### How to complete this task
Would you transcribe the lines running from the one that holds "Vintage Owl PVC/Vinyl" to the last line of the records? Leave every picture out.

[Recorded data]
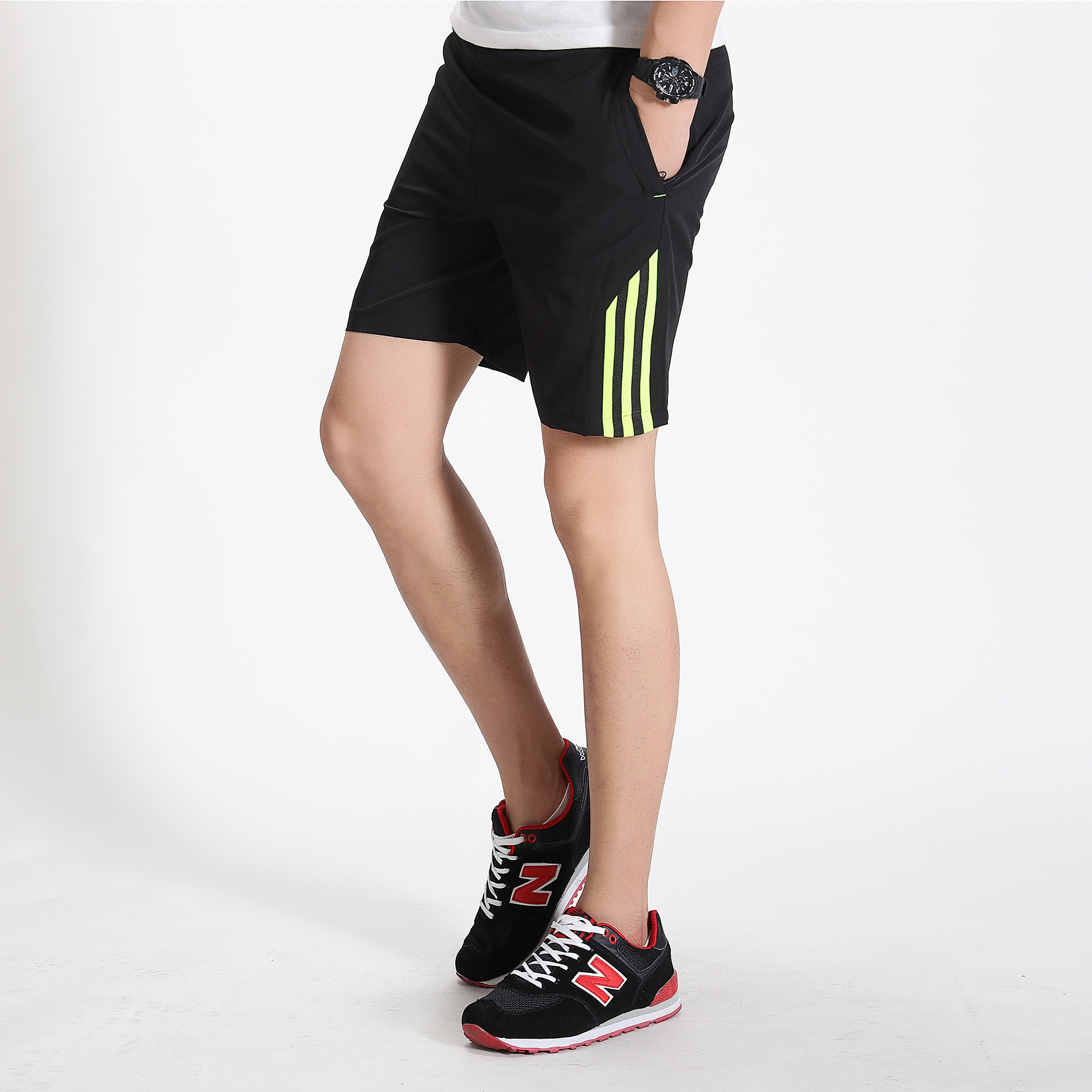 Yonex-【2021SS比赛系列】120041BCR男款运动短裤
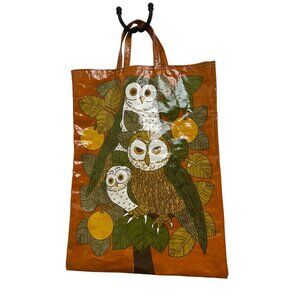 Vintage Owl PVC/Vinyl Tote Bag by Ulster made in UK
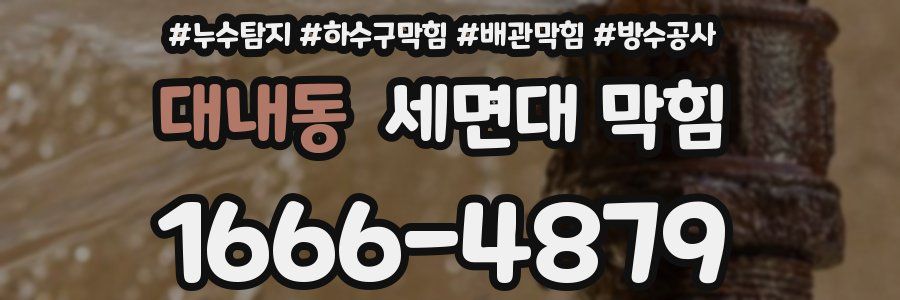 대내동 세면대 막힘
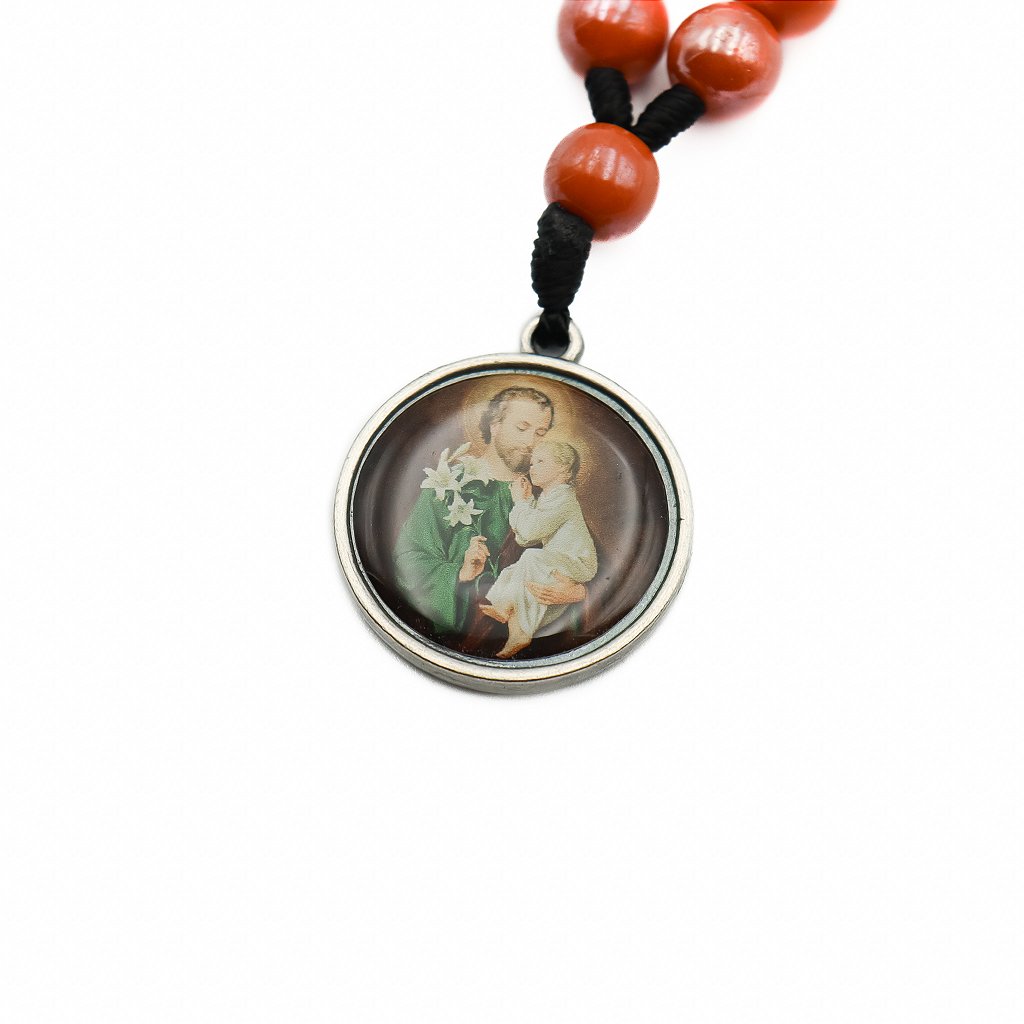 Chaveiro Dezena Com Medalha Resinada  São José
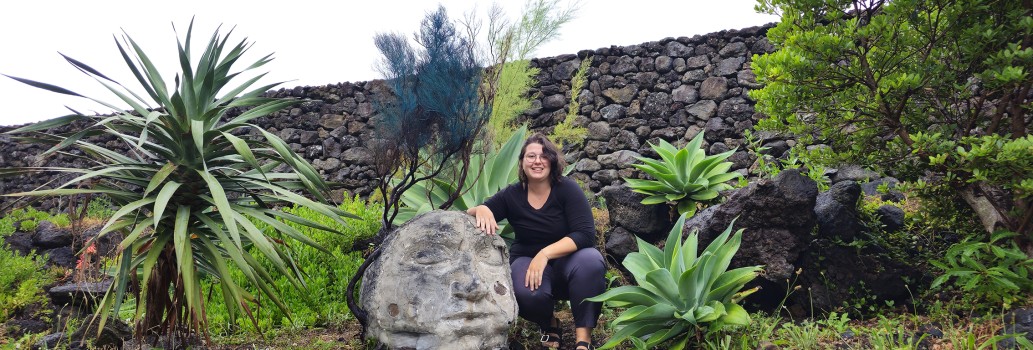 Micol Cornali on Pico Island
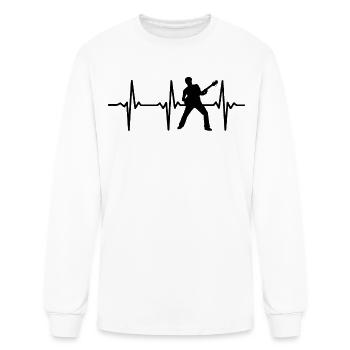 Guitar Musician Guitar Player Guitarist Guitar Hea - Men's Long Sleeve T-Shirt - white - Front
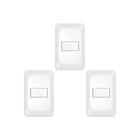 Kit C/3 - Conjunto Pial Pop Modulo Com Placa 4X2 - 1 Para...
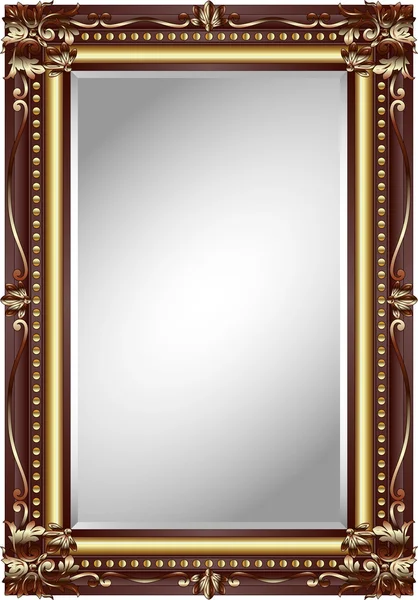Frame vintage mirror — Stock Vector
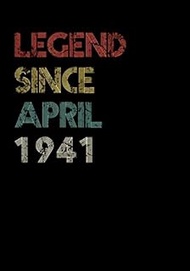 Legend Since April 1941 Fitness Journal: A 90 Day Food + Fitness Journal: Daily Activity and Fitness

### Problem solution
 Vintage Owl PVC/Vinyl Tote Bag by Ulster made in UK
 대내동 세면대 막힘
 Chaveiro Dezena Com Medalha Resinada  São José
 Micol Cornali on Pico Island
 Guitar Musician Guitar Player Guitarist Guitar Hea - Men's Long Sleeve T-Shirt - white - Front
 Kit C/3 - Conjunto Pial Pop Modulo Com Placa 4X2 - 1 Para...
Frame vintage mirror — Stock Vector
 Legend Since April 1941 Fitness Journal: A 90 Day Food + Fitness Journal: Daily Activity and Fitness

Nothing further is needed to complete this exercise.